Stewart backs Russell for a hurdles medal
Jamaica’s medal winning streak in the women’s 400-metre hurdles could continue in Tokyo when the Olympic track and field programme begins. This is according to Okeile Stewart, who coached Rushell Clayton to third place at the 2019 World Championships. Stewart believes that Janieve Russell, the 2018 Commonwealth champion, will shine in Tokyo.
Thanks to Ristananna Bailey-Cole and Clayton, Jamaica has won bronze medals at the last two World Championships. Speaking just before the start of the Summer Olympic Games in Tokyo, Japan, Stewart gave Russell’s bid for a medal the thumbs up.
“I always feel Janieve is a very strong competitor. I believe once she continues to believe in herself, she can surpass her personal best and I think once she is able to surpass her personal best, and continue to be motivated as I think she can be, she’ll be able to be on the podium, irrespective of what everybody else is doing,” he argued.
The MVP Track Club hurdler won the National Championships in June with a season’s best of 54.07 seconds ahead of 2019 CAC champion Ronda White and Russell’s fellow 2016 Olympic finalist Leah Nugent.

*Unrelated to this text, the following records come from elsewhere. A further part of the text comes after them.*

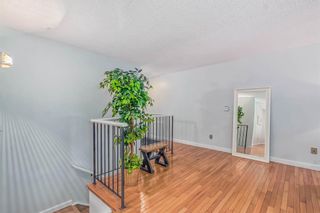 Photo 14: 106 Strathlorne Mews SW in Calgary: Strathcona Park Row/Townhouse for sale : MLS®# A2028228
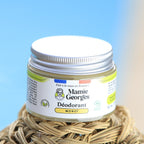Pot de déodorant Monoï de Mamie Georges posé sur un panier de paille, sous le ciel bleu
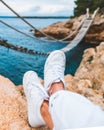 crop picture woman legs at cliff suspension bridge on background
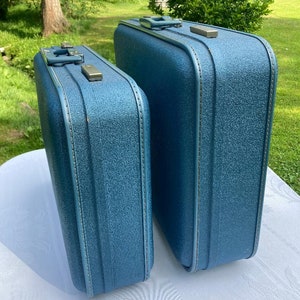 Puede incluir: Dos maletas vintage azules con herrajes plateados. Las maletas están hechas de un material texturizado y tienen un aspecto retro.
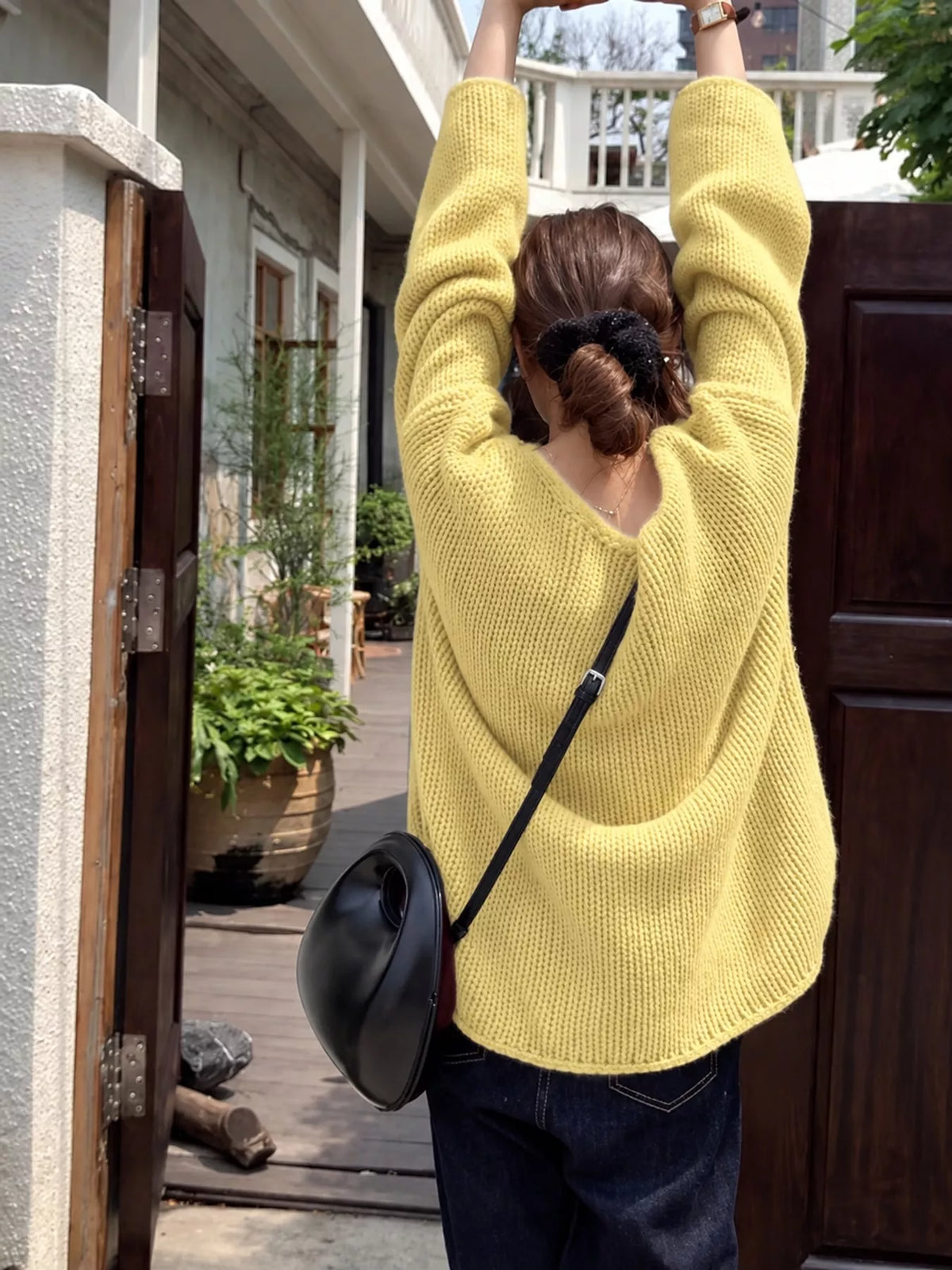 Warm yellow long-sleeve sweater, back view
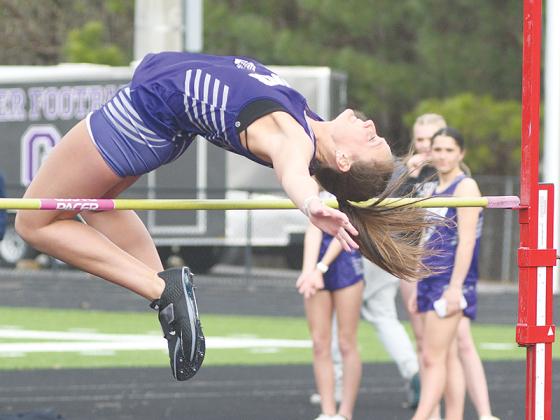 Gilmer senior Kenzie Sewell (above) placed second in the high jump last Tuesday, and sophomore Douglas Callihan (below) finished in the same position  in the shot put.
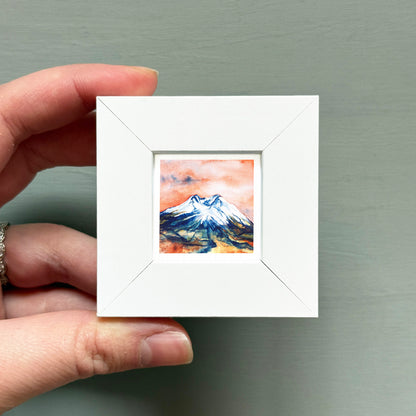 A hand is holding a small white picture frame containing a watercolor painting of a mountain landscape.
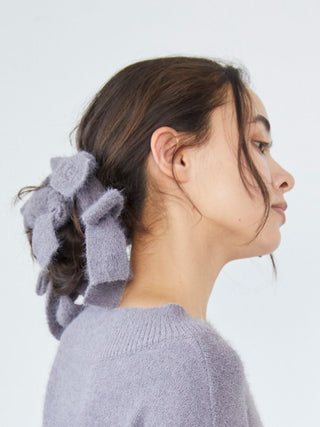 Woman wearing Gelato Pique Plush Bow Hair Ribbon with soft, cozy voluminous bows for a stylish look.
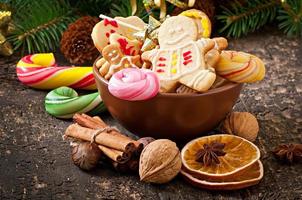 Christmas gingerbread cookies and lollipops  on old wooden background photo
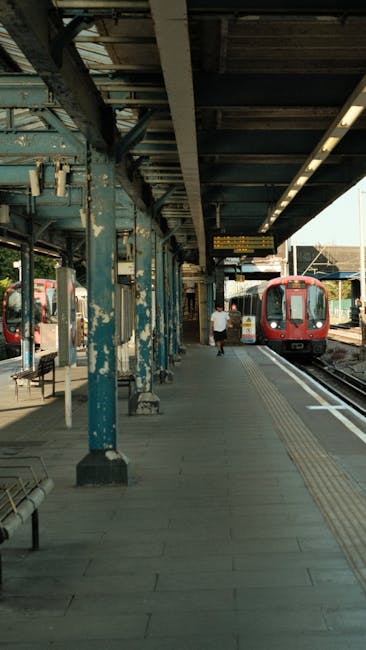 A nighttime scene at Wimbledon railway station showing a platform with a row of benches in the foreground, made of wooden slats with metal frames, positioned on a paved surface. Behind the benches, a 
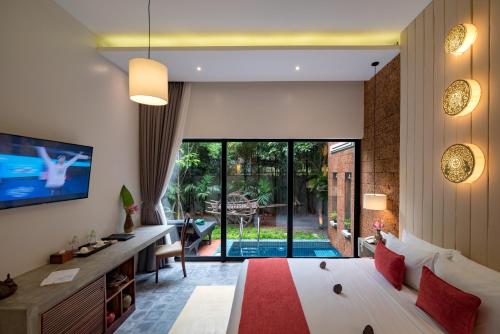 a bedroom with a large bed and a living room at Grange in Siem Reap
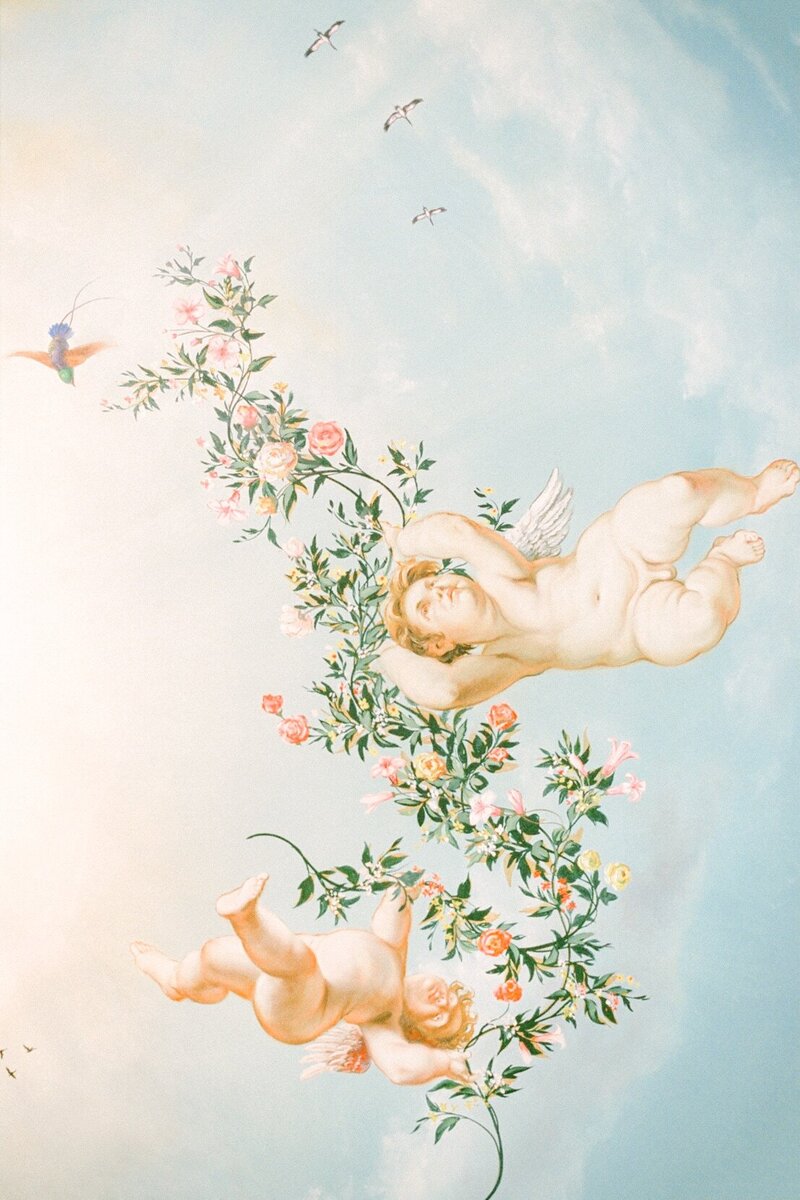 Fetcham Hall ceiling mural of two angels with pastel flower garland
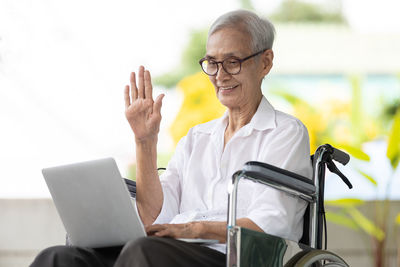 Senior woman waving during video call on laptop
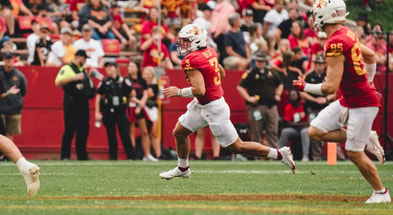 Iowa State quarterback rolls out for a pass attempt. (Photo by ISU Athletics)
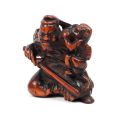 Netsuke Edo en buis : Shoki et l'oni, signé Koremune, XIXe siècle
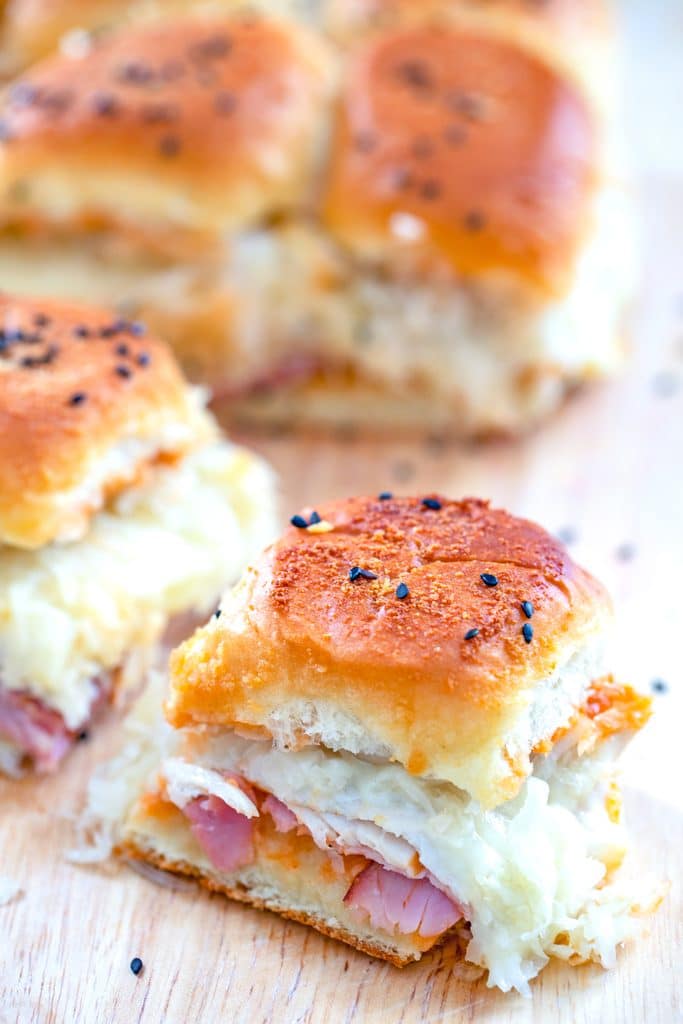 View of turkey, ham, and swiss BBQ reuben sliders sitting on a cutting board with one sandwich pulled away from the rest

A week later, Russell improved to 53.68 seconds on July 3 in Hungary.
“I watched the 53 that she ran recently and it’s quite motivating for me, knowing that she’ll be there representing the country and I also looked at White, the last 54 that she ran, it was very composed and I believe that once those girls go there with confidence, they will represent well,” Stewart contended.
“However, I wouldn’t leave out a Leah Nugent who has been to a final before and is making her way back,” Stewart predicted.
Four women led by new world record holder Sydney McLaughlin have broken 53 seconds this year.
Russell goes to Tokyo as the sixth-fastest woman of the season and fifth among those who will compete at the Games. White and Nugent are 11th and 18th fastest, respectively, at 54.33 and 54.98.
Late yesterday, White was disqualified in the heats after a false start.
A medal for any of the Jamaicans would be the nation’s first in an Olympic Games since Melaine Walker triumphed in 2008.
Unfortunately, injury made it impossible for Clayton to fight for a place on the Jamaican team and instead of being in Tokyo, she will be watching her training partners Jaheel Hyde and 100-metre sprinter Tyquendo Tracey with keen interest.
“Rushell is a warrior and she would have really wanted to be there too, knowing that she and Jaheel, they share the same management team and they are very close in training,” the coach lamented. “Irrespective of that, she is motivated. She is looking forward to what can be salvaged at the end of the season and she’s cheering her teammates on,” Stewart concluded.
The women’s 400-metre hurdles starts with the heats on July 31 and ends with the final on August 4.